A tristeza às 6 da tarde
Nos tempos quando eu dormia toda tarde, acontecia de acordar já com o pôr do sol, ali pelas seis ou sete, dependendo da época do ano. Levantava cambaleante, de cara amassada e demorava minutos para me localizar no espaço, no tempo e naquela definição de quem sou eu, tal qual Caio Fernando Abreu no corredor de um transatlântico em seu Sem Ana Blues, guardadas as devidas proporções (porque não havia amor perdido, era só um acordar no fim da tarde).
Meu pai, me observando nesses momentos, dizia: esse é o pior horário pra acordar. A gente fica meio besta.
Não sei se foi de tanto o pai repetir, ou se ele repetia por ser forte o sentimento, mas, hoje, percebo: o pior horário para acordar é o fim de tarde.
Não só. O fim de tarde — não o finzinho por volta das cinco, desenho da tranquilidade; mas o quase-noite, quando o céu transmuta o cor-de-rosa e desenha no horizonte uma faixa alaranjada rasgando o cinza azulado –, é o pior horário para viver.
Qualquer coisa fica mais triste por essas horas, é tudo dolorido. Pense entrar num ônibus às seis da tarde, olhar pela janela e dizer adeus. Lá longe, a noite chegando; adiante, a estrada sem fim. A dor aumenta três vezes dentro do peito. Pense acabar um livro, depois de um mês de leitura. Não há coragem que instigue a ler a última página, fechá-lo e colocá-lo num canto às seis da tarde. Fazer comida às seis da tarde não dá, passar um café não tem jeito, tudo vai cheirar saudade, tudo vai ser tristeza.

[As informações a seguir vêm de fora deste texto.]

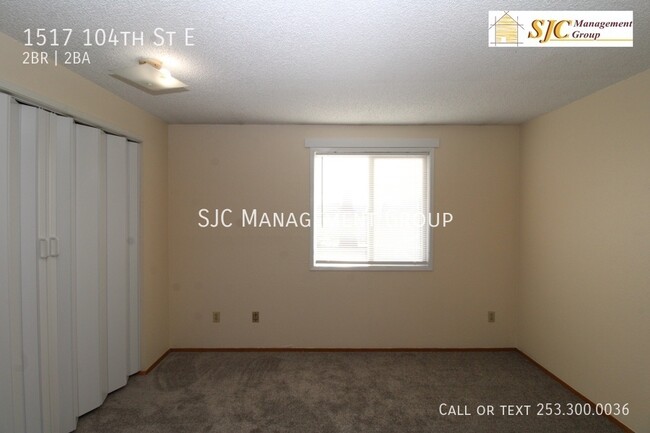 Building Photo - Clean and move in ready townhouse style condo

Deve haver explicação física ou astrológica. Talvez seja hora em que as partículas de passado se assentam para convidar o dia seguinte a chegar, talvez seja o momento da queda dos hormônios de felicidade no ciclo cicardiano, vai saber.
Ninguém deveria ser sozinho às seis da tarde, nem acordar ou sentir saudades. Nas outras horas a gente dá conta.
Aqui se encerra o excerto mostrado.